→ TASK DESCRIPTION
Please transcribe the data exactly as shown, skipping the images.

→ AVAILABLE DATA
++++

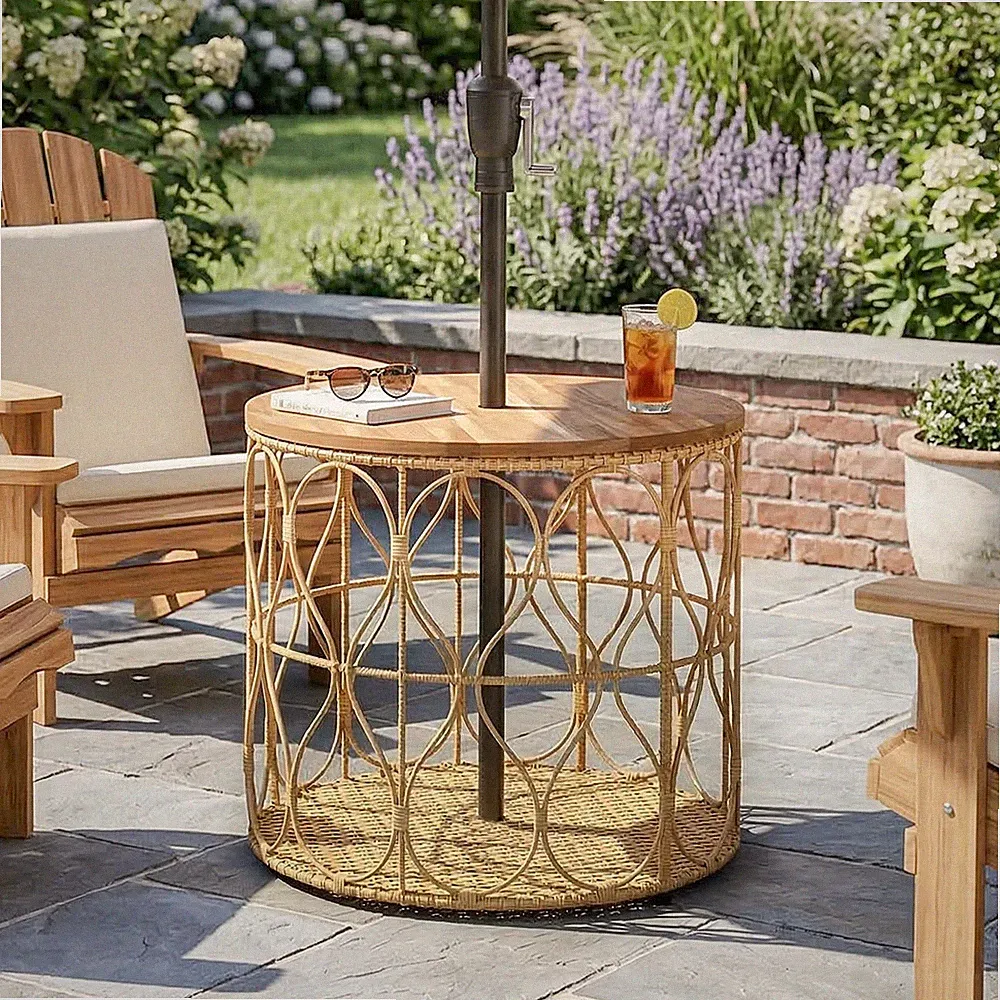 Outsunny Beistelltisch Ø50 cm wetterfest Gartentisch mit Rattanoptik Teak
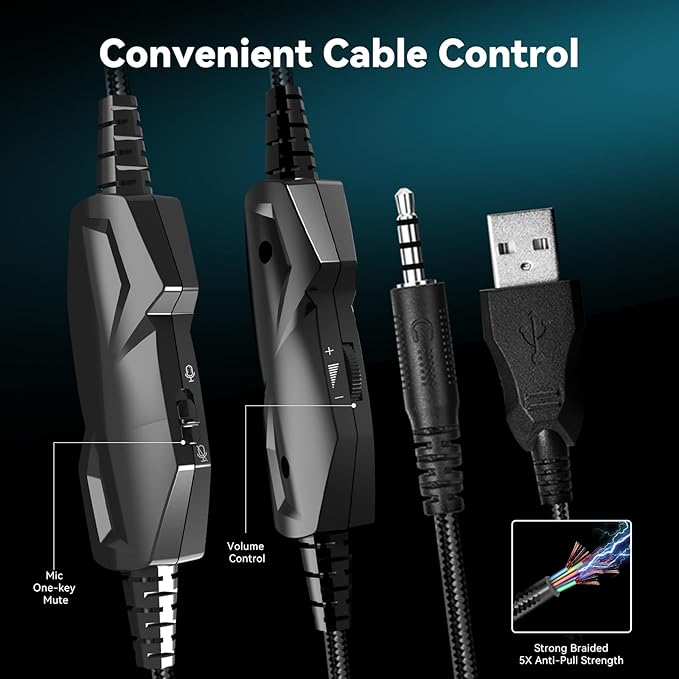 Gaming Headset with Microphone for Pc, Xbox One Series X/s, Ps4, Ps5, Switch, Stereo Wired Noise Cancelling Over-Ear Headphones with Mic, RGB, for Computer, Laptop, Mac, Nintendo, Gamer (Black)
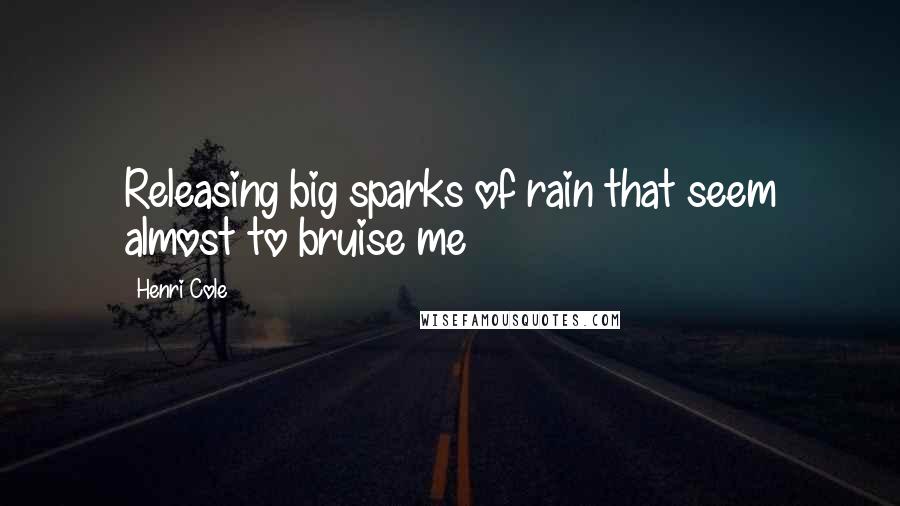 Henri Cole Quotes: Releasing big sparks of rain that seem almost to bruise me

++++

→ EXERCISE SOLUTION
 Outsunny Beistelltisch Ø50 cm wetterfest Gartentisch mit Rattanoptik Teak
 Gaming Headset with Microphone for Pc, Xbox One Series X/s, Ps4, Ps5, Switch, Stereo Wired Noise Cancelling Over-Ear Headphones with Mic, RGB, for Computer, Laptop, Mac, Nintendo, Gamer (Black)
 Henri Cole Quotes: Releasing big sparks of rain that seem almost to bruise me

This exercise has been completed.